How to complete this task → The listing below contains a span that opens with the line containing "-Bunny-y online show" and closes with the line containing "Cum au căzut". Return that span exactly.

== Records

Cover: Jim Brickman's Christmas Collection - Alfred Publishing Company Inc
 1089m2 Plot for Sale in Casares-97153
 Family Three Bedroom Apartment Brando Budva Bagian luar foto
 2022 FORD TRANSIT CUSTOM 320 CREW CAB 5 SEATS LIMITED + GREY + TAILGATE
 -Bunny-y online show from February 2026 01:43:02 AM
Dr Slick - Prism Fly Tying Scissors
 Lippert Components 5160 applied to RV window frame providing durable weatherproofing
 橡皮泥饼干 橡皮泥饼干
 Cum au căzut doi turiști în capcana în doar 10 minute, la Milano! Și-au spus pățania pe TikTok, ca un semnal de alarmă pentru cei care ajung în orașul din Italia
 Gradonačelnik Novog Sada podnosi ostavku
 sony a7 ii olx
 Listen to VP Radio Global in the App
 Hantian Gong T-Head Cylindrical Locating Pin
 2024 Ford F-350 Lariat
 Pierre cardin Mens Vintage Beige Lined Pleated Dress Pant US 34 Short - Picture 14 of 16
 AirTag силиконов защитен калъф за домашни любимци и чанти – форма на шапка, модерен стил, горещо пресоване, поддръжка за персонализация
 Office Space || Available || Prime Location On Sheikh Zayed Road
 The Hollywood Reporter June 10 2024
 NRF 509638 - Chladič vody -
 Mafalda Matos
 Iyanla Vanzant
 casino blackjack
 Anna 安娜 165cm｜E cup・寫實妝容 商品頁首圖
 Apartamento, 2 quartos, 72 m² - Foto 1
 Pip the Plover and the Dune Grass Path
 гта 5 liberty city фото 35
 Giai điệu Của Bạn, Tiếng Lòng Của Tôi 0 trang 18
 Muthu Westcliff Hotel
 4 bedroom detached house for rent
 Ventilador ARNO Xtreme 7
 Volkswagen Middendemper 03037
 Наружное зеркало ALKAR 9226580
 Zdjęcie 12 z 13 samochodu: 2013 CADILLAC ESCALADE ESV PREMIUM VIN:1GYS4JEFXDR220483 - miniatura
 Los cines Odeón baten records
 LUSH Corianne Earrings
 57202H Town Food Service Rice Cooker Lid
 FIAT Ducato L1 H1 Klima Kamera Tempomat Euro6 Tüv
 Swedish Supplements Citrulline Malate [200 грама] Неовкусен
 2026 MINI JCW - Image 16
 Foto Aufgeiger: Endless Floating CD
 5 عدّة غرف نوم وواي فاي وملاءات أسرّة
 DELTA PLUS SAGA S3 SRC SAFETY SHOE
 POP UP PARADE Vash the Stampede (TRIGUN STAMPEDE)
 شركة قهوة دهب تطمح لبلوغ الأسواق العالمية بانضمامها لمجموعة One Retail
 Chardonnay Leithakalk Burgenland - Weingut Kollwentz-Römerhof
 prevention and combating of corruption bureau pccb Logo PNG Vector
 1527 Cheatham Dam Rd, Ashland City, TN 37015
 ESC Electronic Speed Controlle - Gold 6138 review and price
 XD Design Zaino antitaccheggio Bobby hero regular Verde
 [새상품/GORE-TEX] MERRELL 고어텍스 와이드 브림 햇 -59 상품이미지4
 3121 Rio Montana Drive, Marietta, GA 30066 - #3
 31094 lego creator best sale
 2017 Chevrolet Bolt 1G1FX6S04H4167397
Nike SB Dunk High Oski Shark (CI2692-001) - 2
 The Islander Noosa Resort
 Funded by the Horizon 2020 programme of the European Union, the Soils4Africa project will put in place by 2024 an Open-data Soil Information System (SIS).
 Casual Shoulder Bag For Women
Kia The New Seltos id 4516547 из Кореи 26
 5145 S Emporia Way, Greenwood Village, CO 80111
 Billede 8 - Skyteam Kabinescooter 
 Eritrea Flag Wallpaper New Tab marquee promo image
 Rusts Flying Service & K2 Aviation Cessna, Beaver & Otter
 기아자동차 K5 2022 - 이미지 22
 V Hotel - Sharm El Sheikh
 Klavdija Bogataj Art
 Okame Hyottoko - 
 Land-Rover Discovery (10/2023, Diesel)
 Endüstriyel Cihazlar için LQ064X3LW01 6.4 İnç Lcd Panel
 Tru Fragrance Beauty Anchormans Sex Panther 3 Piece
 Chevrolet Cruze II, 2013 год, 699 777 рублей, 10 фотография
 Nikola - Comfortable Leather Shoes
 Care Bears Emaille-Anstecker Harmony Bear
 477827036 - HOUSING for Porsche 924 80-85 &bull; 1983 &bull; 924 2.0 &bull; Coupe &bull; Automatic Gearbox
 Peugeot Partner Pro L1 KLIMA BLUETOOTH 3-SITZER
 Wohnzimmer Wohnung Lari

====

Answer section →
 -Bunny-y online show from February 2026 01:43:02 AM
Dr Slick - Prism Fly Tying Scissors
 Lippert Components 5160 applied to RV window frame providing durable weatherproofing
 橡皮泥饼干 橡皮泥饼干
 Cum au căzut doi turiști în capcana în doar 10 minute, la Milano! Și-au spus pățania pe TikTok, ca un semnal de alarmă pentru cei care ajung în orașul din Italia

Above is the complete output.